--- Task to complete ---
Using the listing below, print the line containing "Toyota Hilux Sw4", the line containing "2018 Hino 300-616", and each line between them, exactly and nothing else. Pictures stay out of the print.

--- Data extracts ---
───

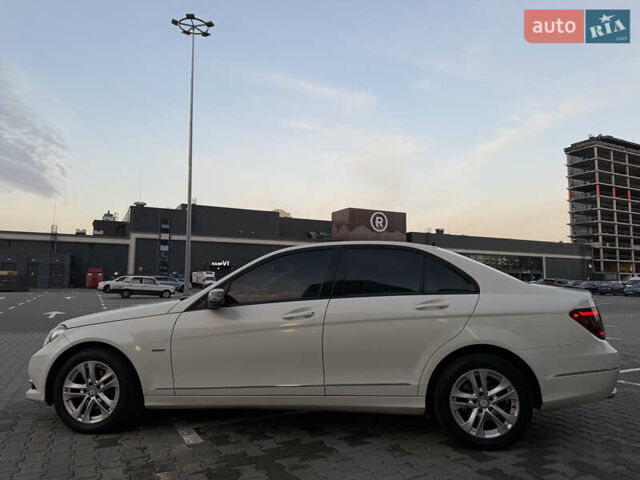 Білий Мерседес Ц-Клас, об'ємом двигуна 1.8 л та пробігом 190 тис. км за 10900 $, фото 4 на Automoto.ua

───

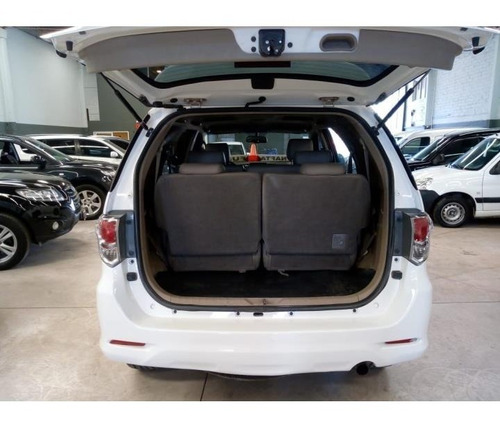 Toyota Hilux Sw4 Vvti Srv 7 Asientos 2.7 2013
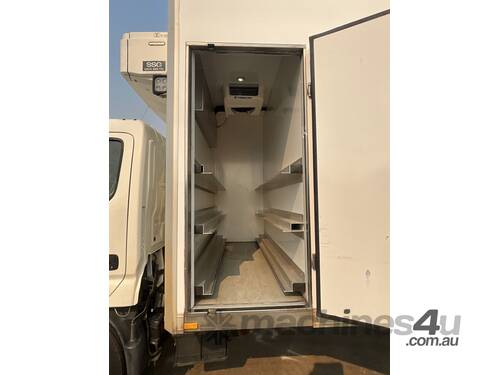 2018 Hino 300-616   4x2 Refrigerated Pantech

───

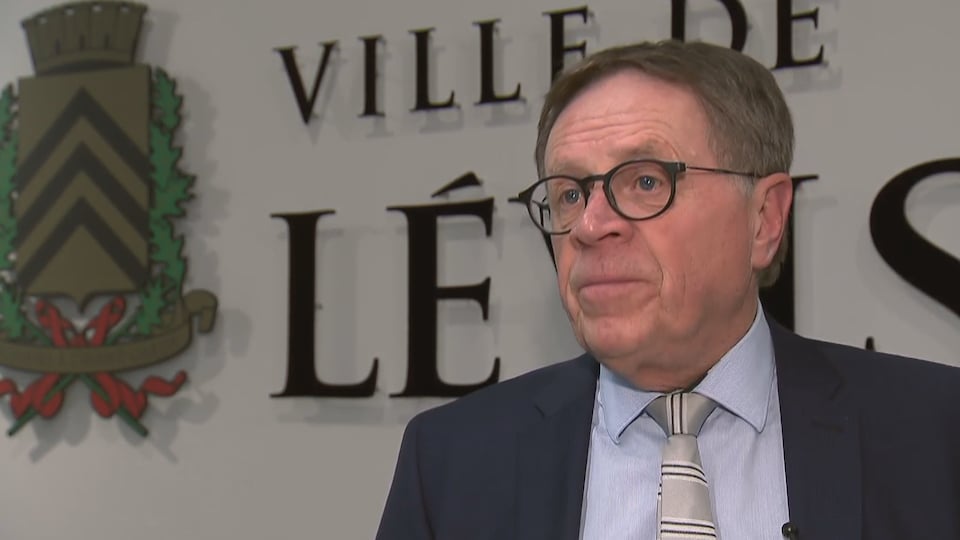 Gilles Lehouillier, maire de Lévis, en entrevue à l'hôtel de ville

───

--- Final answer ---
 Toyota Hilux Sw4 Vvti Srv 7 Asientos 2.7 2013
 2018 Hino 300-616   4x2 Refrigerated Pantech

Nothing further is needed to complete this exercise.